Bjorn’s (detailed) presentation and the discussion that followed raised many interesting questions about both the technical workings of geothermal power (and heating) and how it can contribute to and even make “place.” The presentation, in my opinion, focused a little bit too much on how geothermal functions (although some discussion of it was necessary for the audience to understand the potential, the limitations, etc) and not enough on geothermal’s existing and possible connections to design.
Although most of New England – where heating demand is relatively high – has a low “heat flow” (according to the Geothermal Map of the United States on slide 5), western Massachusetts, pockets of New Hampshire, and portions of Maine have a moderate to high level of heat flow. I’m curious as to how cities, states, or private companies in these generally cooler areas have utilized these pockets of untapped energy? In other words, what scale (both in size and heat flow rate) is required for a geothermal energy plant to function economically? In Iceland, high temperature water is carried 27 kilometers from Hengill to the outskirts of Reykjavik. How much energy is lost along the way? This raises the question, what is the optimal range of a geothermal district heating system?
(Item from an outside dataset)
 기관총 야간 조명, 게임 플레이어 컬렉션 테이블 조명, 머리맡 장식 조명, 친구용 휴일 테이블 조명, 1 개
As of 2007, only 0.349 quadrillion BTUs come from geothermal energy in the U.S. – or just 0.344% of the U.S.’s total energy. Interestingly, this is over 4 times the amount of energy we got from solar/PV power and is about the same as we got from wind power (0.341 quadrillion BTUs). It would be interesting to graph how these different energy sources ( on slide 8 ) have grown or shrunk in absolute terms and as percentages of our total energy use and to compare federal (and perhaps, state) subsidies for these different forms of energy. In the Boise City Geothermal District, the rates have been fixed at 70% of the price of natural gas. What is the true cost of this geothermal power and why tie itself to the price of natural gas? Although it may be difficult to compare the costs of a 100MWt solar PV system with a geothermal system of the same size with a wind power system of the same size, is this not what “green” cities and “environmentally conscious” states have to decide between? Take Colorado, which has good wind power, solar power, and geothermal power potential (see maps below) – what is the most cost efficient way for the state to get power? If a comparison on a dollars per watt basis isn’t doable, providing the upfront costs of the different systems would at least give a sense of what the “competition” offers.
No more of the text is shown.